Counter-terrorism prosecutors have launched an investigation into "murder linked to a terrorist enterprise" after the rampage in a string of shops in Romans-sur-Isere, a riverside town with a population of about 35,000.
The assailant, identified only as Abdallah A.-O., a refugee in his 30s from Sudan who lives in the town, was arrested without a fight by police.
"He was found on his knees on the pavement praying in Arabic," the prosecutor's office said.
According to witnesses cited by local radio station France Bleu Drome Ardeche, he shouted "Allah Akbar!"(God is Greatest) as he stabbed his victims.
"Anyone who had the misfortune to find themselves in his way were attacked," town mayor Marie-Helene Thoraval told AFP.
David Olivier Reverdy, from the National Police Alliance union, said the assailant had called on police to kill him when they came to arrest him.
The suspect first went into a tobacco shop where he attacked the owner and his wife, Thoraval said.
He then went into a butcher's shop where he seized another knife before heading to the town centre and attacking people in the street outside a bakery.
"He took a knife, jumped over the counter, and stabbed a customer, then ran away," the butcher's shop owner Ludovic Breyton told AFP.
"My wife tried to help the victim but in vain."
Interior Minister Cristophe Castaner, who visited the scene, said two people were killed and five others injured.
"This morning, a man embarked on a terrorist journey," he said.

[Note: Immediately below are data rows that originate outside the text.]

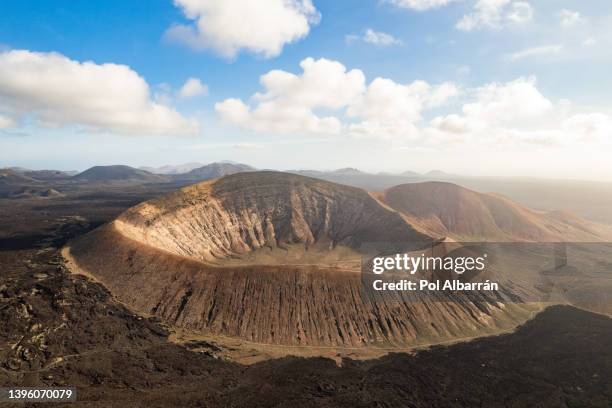 caldera blanca in timanfaya national park, lanzarote, canary islands - timanfaya national park 個照片及圖片檔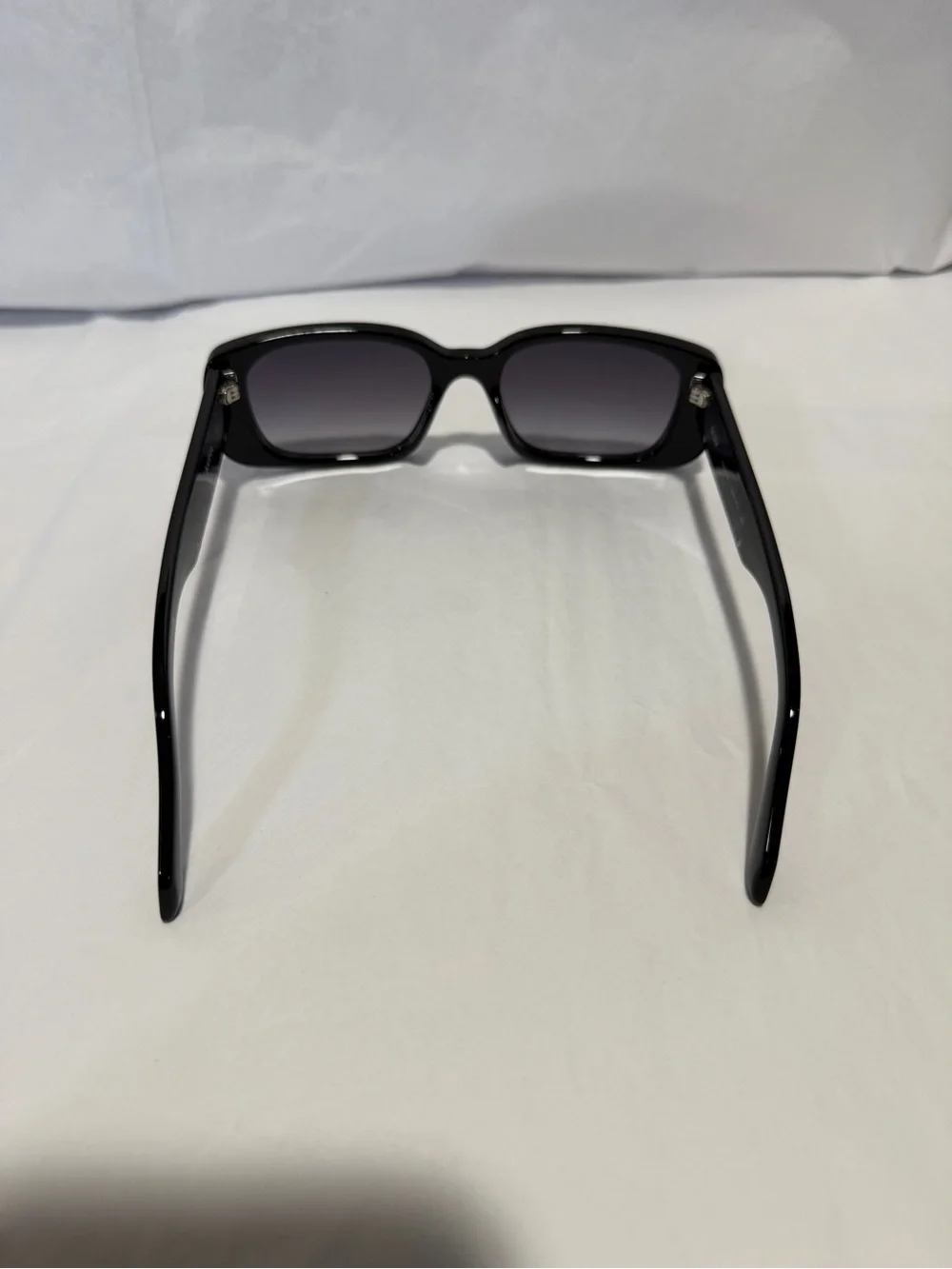 Quay Australia brand new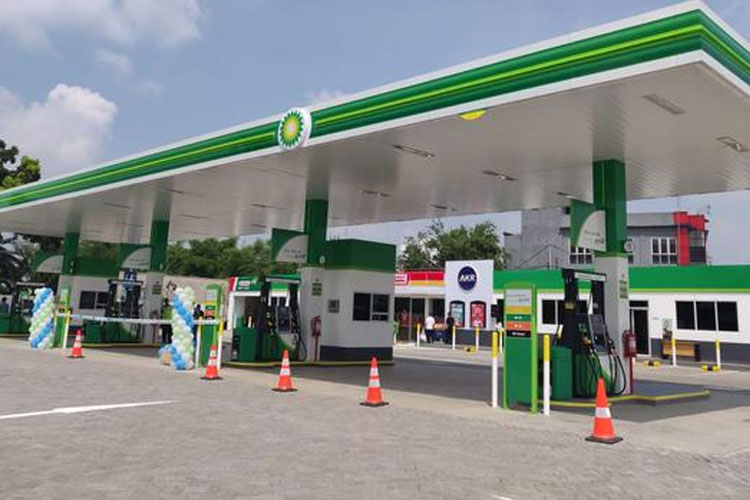 PT AKR Corporindo Tbk melalui anak usaha British Petroleum (BP) menjual BBM melalui Stasiun Pengisian Bahan Bakar Umum (SPBU). Foto : Liputan6.com/Pebrianto Eko Wicaksono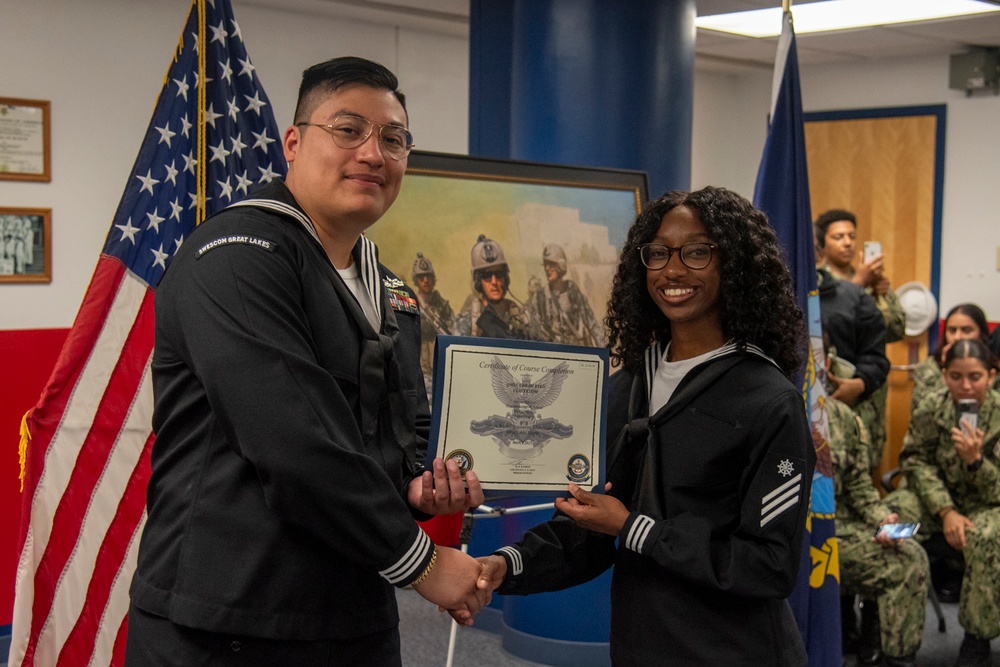 Surface Warfare Engineering Schools Command (SWESC) Great Lakes Instructors Hold Graduation Ceremony for the Navy’s Newest Quartermasters Surface Warfare Engineering Schools Command (SWESC) Great Lakes Instructors Hold Graduation Ceremony for the Navy’s Newest Quartermasters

The initial investigation has "brought to light a determined, murderous course likely to seriously disturb public order through intimidation or terror", according to the national anti-terrorist prosecutor's office (PNAT).
It said that during a search of the suspect's home, "handwritten documents with religious connotations were found in which the author complains in particular that he lives in a country of non-believers".
The suspect, who obtained refugee status in 2017, was not known to police or intelligence services in France or Europe, PNAT said.
Macron denounced the attack in a statement on Twitter.
"All the light will be shed on this odious act which casts a shadow over our country which has already been hit hard in recent weeks," he said.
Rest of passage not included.